Kavanaugh's plan for refusing to conspire with Clinton "to conceal the true nature of his acts"?  Place Clinton under oath and ask a series of detailed, prurient, highly embarrassing questions.  An example from Kavanaugh's ten proposed questions: "If Monica Lewinsky says you inserted a cigar into her vagina while you were in the Oval Office area, would she be lying?"

Now, on a different president's side of the power struggle, Kavanaugh has given no indication of being displeased by anything this exceedingly controversial president has done, but instead has offered public praise, including a false claim regarding Trump's involvement in Kavanaugh's selection: “No president has ever consulted more widely, or talked with more people from more backgrounds, to seek input about a Supreme Court nomination,” Kavanaugh said.  In truth, the Federalist Society did all of the work and presented Kavanaugh's name to the president on a short list.

Now, on the receiving side of the pain from sexual allegations, Kavanaugh is not disinclined to "conspire" to conceal the true nature of his involvement:  He reaches for the obfuscatory power of emotional display: indignation, self-righteousness and blame-shifting to cloud the facts, distract from the issue of sexual assault, and divert suspicion onto the other side in the power struggle.  It is not pretty to watch, but it is what you get in a power struggle where the norms, rules, laws and institutions are breaking down, and where the quality of Republican Supreme Court nominees has not been screened according to the older, traditional methods, but by a Federalist Society sharply skewed to plutocratic requirements.  In other words, so concerned is the Federalist Society with being certain about how their Supreme Court nominee candidates will vote if placed on the Court, it apparently has forgotten to consider certain other small things, like for example: character.

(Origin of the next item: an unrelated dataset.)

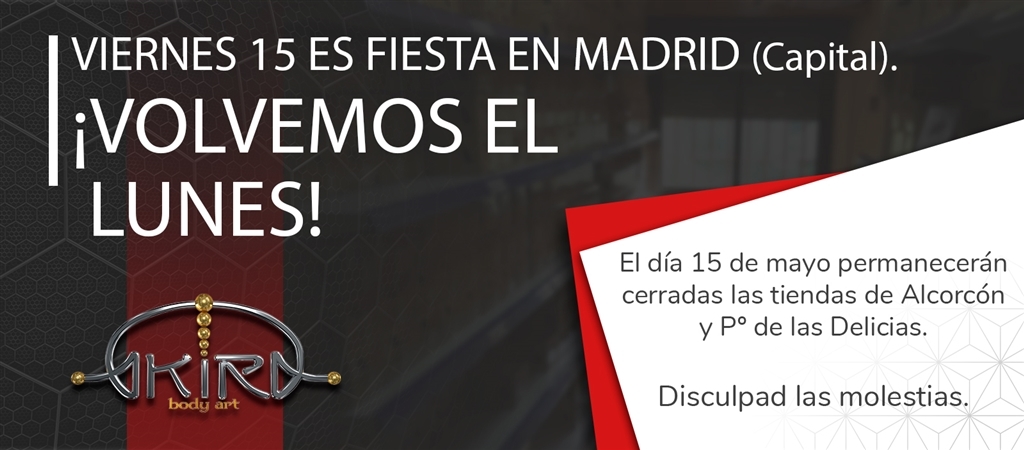 El viernes 15 de mayo es festivo en Madrid capital. Volvemos el lunes 18 de mayo.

We are in a national power struggle, not merely witnessing an arbitrary series of national disgraces that we should worry about avoiding.  These "disgraces," this "circus,"--they are going to come; they are the symptoms of the deeper power struggle.  Just as symptoms in the human body can point to the nature of the underlying illness, so can these "national disgraces" tell us about America's disease.  As symptoms can point to the truth, so do our "national disgraces."  For that, there is reason to be grateful for them, and not to decry them.

American would-be plutocrats like Charles Koch and his associates, and their servile foot soldiers like Brett Kavanaugh are out to take democracy out of the American Way.  The evidence has been gathering for decades, despite the Koch machine's relatively effective efforts to keep it concealed.  There is little doubt now.  There are well-connected and super-wealthy Americans out to take away our democracy.  It is only natural, and right that there is a power struggle between the People, who, whether they are Republican or Democrat want to keep their democracy, and those who despise democracy and ache to get rid of it.